Why Marginal Cost and Cashflow Rule Markets

Why Marginal Cost and Cashflow Rule Markets

On the feed on OyaPay exit, a community member dropped a great line “… businesses don’t usually fold because of lack of capital. They usually fold because of lack of cash flow.” If you have managed a business, no matter how small, you will understand the potency of that line. When people say Cash is King, they do not necessarily mean physical cash in your drawers or cash registers. They mean the capacity to have liquidity through superior cash flow framework.

I will add one line at the other end of it: the most important cost that matters in scaling (online) businesses is marginal cost. (From Wikipedia, in economics, marginal cost is the change in the total cost that arises when the quantity produced is incremented by one unit; that is, it is the cost of producing one more unit of a good.) If you take care of that cost, you will find new markets and territories. Remember, in a perfect internet market, marginal cost is near-zero, meaning that web products tend towards being free. So, if you want to scale and thrive on the web, the marginal cost (practically, your transaction cost and distribution cost) of your product must be close to zero. Sure, I do not expect you to sell at zero!

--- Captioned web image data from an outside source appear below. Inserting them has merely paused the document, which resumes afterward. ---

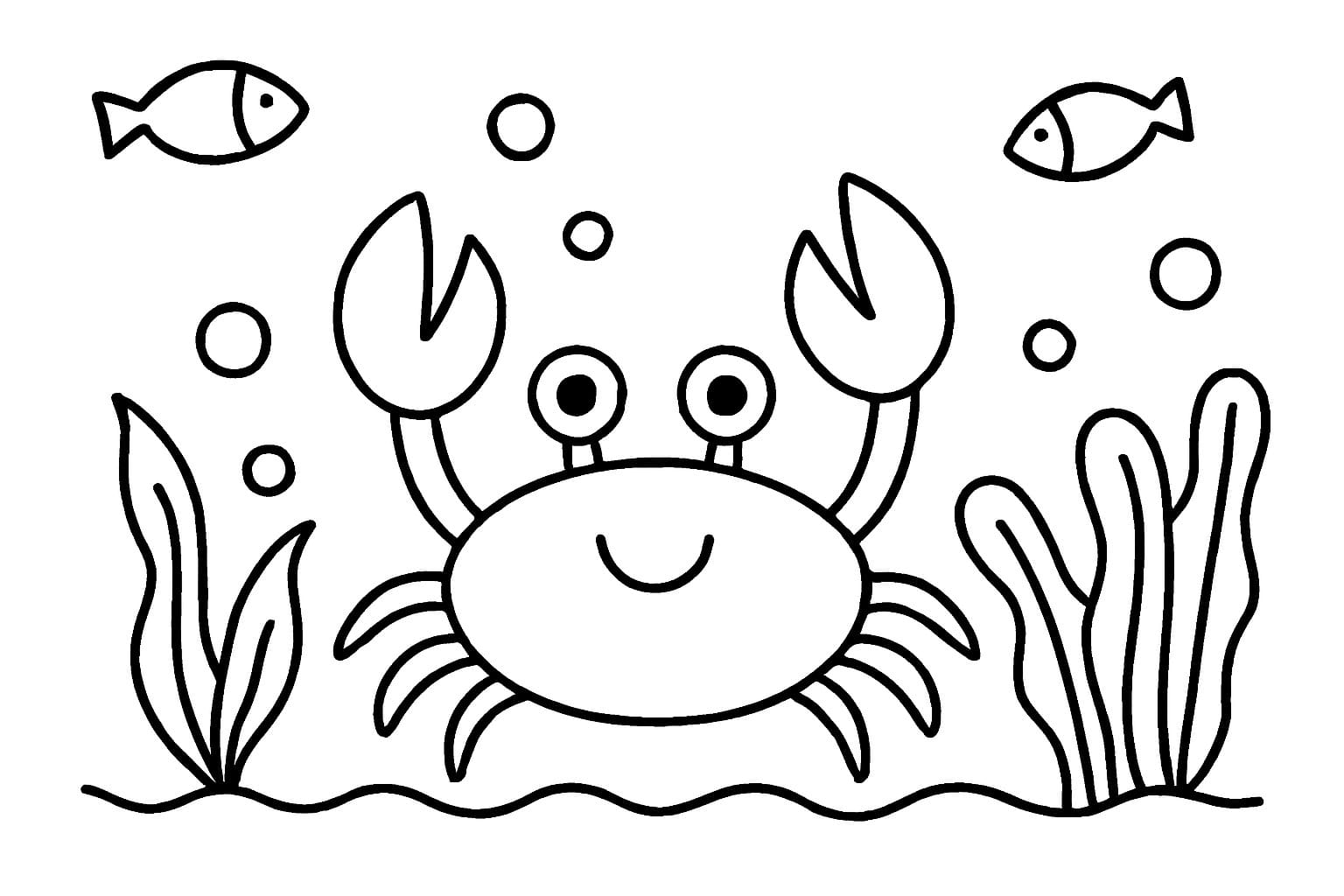 Obraz Krab tisknutelné omalovánka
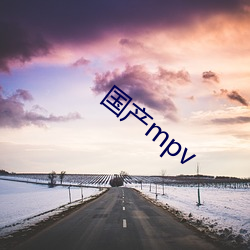 国产mpv （喋喋不休）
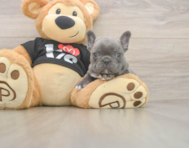 7 week old French Bulldog Puppy For Sale - Premier Pups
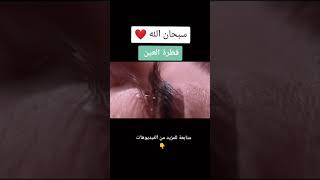 شاهد قطرة العين سبحان الله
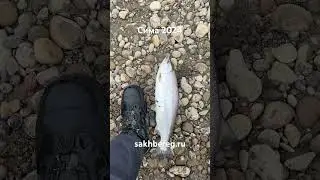Сима 2024 #сахалин #рыбалка #туризм #fishing #сима #рыба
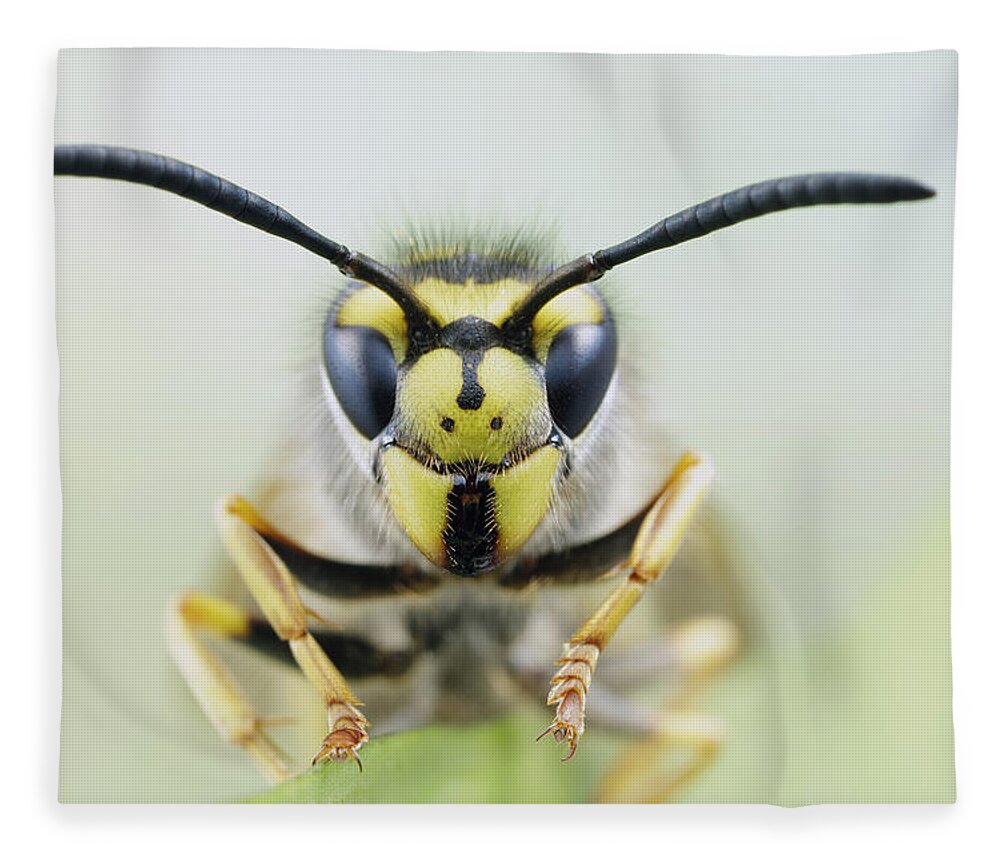 Bert Pijs Fleece Blanket featuring the photograph German Wasp Noord-holland Netherlands by Bert Pijs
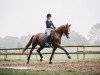 dressage horse Santana 906 (Hanoverian, 2007, from Sir Donnerhall I)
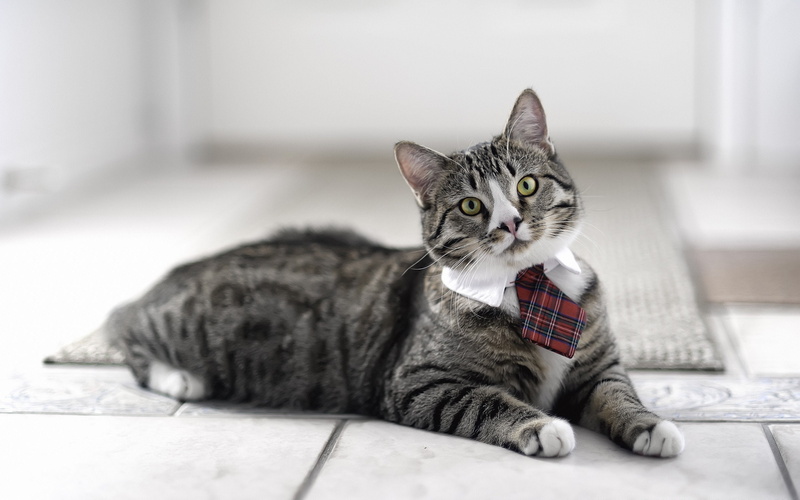 cat, 2K, Business, AM, a, I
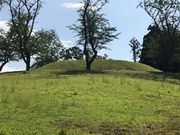 おーちゃんさんの古津八幡山遺跡の投稿写真1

This is the heart of the freemium model where you get many things free, which is possible because of the aggregation construct, where companies provide those digital products and then create an ecosystem to sell adverts. The firms benefit more than the suppliers by providing the platforms [Facebook makes money for photos supplied by families. Sure you like the Likes]. As shown in the Figure, great companies deliver the near-zero marginal price for high quality product, making it challenging for anyone that carries a non-zero marginal price to compete, exacerbated if the product is even not top-grade. This is one of the biggest challenges digital entrepreneurs face.


As you watch the marginal cost and have a laser-focused attention to cash flow, you will not meet surprises in that business.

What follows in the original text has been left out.